Jules Gheude

C’est « Le Soir » qui livre le scoop ce 28 septembre : au terme de discussions menées dans la discrétion, les présidents du PS, du MR et d’Ecolo seraient arrivés à un compromis concernant la refonte des institutions francophones. « Seraient », car certains points doivent encore être affinés avant qu’une résolution puisse être soumise aux parlementaires.
La nouvelle est importante, alors que la Communauté française se trouve dans le trente-sixième dessous au niveau budgétaire et que la Région wallonne va vers un déficit de 3 milliards d’euros.
Au grand dam des ultra-régionalistes qui voudraient la voir disparaître, la Communauté française se maintient avec quatre compétences essentielles : la culture, l’enseignement, l’audiovisuel et la recherche.
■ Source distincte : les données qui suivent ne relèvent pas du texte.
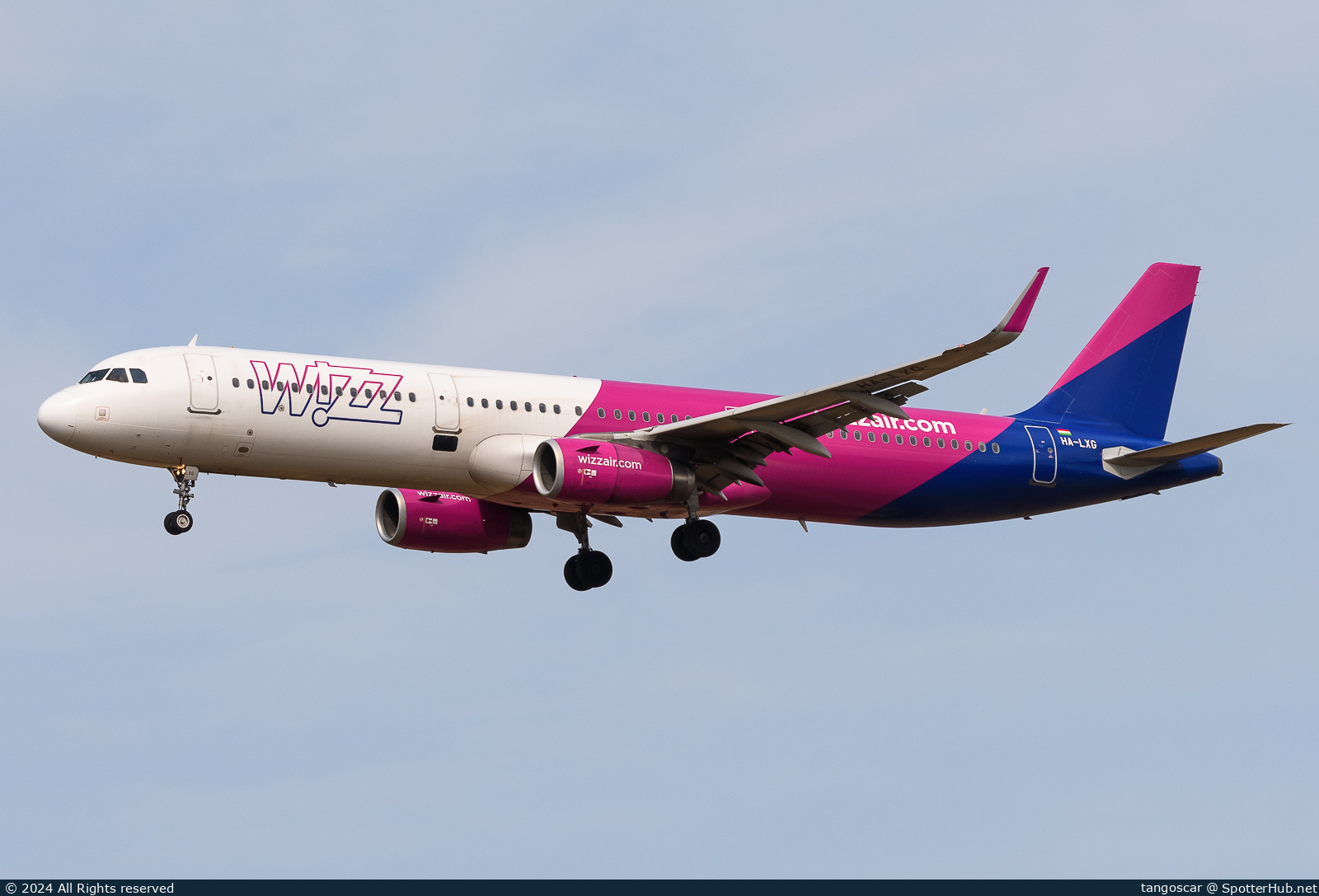 Photo of HA-LXG - Airbus A321-231 operated by Wizz Air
Toutes les autres compétences sont transférées aux Régions wallonne et bruxelloise.
Afin de diminuer la facture, le nombre de ministres se verra réduit, certains fonctionnant avec une double casquette (mais un seul salaire) et le nombre de parlementaires passera de 94 à 60. L’alternance des réunions est également modifiée et il sera procédé à une mise en commun des services des divers parlements.
Si l’on peut se réjouir de ces modifications, il faut toutefois rester réaliste : leur incidence financière sera sans commune mesure avec le déficit de la Communauté française.
A propos de cette dernière, une question reste posée.
Aussi longtemps que la mise sur pied de la Région bruxelloise était contestée et freinée par la Flandre, l’existence de la Communauté française se justifiait pleinement, pour marquer la solidarité entre les Wallons et les francophones de Bruxelles.
La Région bruxelloise a fini par émerger en 1989, grâce au sacrifice de José Happart comme bourgmestre des Fourons. Depuis, l’identité bruxelloise n’a cessé de s’affirmer, au point que Bart De Wever lui-même déclarait en 2021, à propos des Flamands bruxellois : Ils se tournent souvent vers la Flandre pour récolter de l’argent. Mais dès qu’ils sont ici à Bruxelles, ils évitent scrupuleusement le mot Flandre. Ils sont des Bruxellois.
Cette affirmation d’une identité bruxelloise est apparue clairement lors des deux enquêtes qui ont été réalisées en 2013. A la question de savoir quelle voie ils choisiraient en cas de disparition de la Belgique, une majorité de Bruxellois (de 68 à 73,9%) se sont prononcés pour un statut autonome.
On peut dès lors s’interroger sur la nécessité, aujourd’hui, de maintenir ce lien organique entre la Wallonie et Bruxelles que se veut être la Communauté française. D’autant que, sans un refinancement substantiel, celle-ci est vouée à l’asphyxie mortelle.
Par ailleurs, cette refonte des institutions francophones ne permettra pas d’éviter l’affrontement communautaire Nord-Sud, au lendemain des élections du 8 juin 2024.
Si les responsables francophones campent sur leur refus de négocier le projet confédéraliste défendu par une majorité en Flandre, l’embarcation « Belgique » risque fort de se retrouver sans commandant au gouvernail…
Interviewé ce 28 septembre sur le plateau de la RTBF, Pierre-Yves Jeholet, ministre-président de la Communauté française a déclaré : « Donner de l’autonomie à la Flandre en échange d’argent, ce serait une faute. »
Mais il va faire comment pour assurer la gestion de l’enseignement (ce « bon » pacte d’excellence…), qui représente 75% de l’ensemble ? Il évoque une réduction de la masse salariale, mesure qui ne manquerait pas de jeter les professeurs dans la rue. Reste le recours à un nouvel emprunt, qui ne ferait qu’accroître la dette abyssale.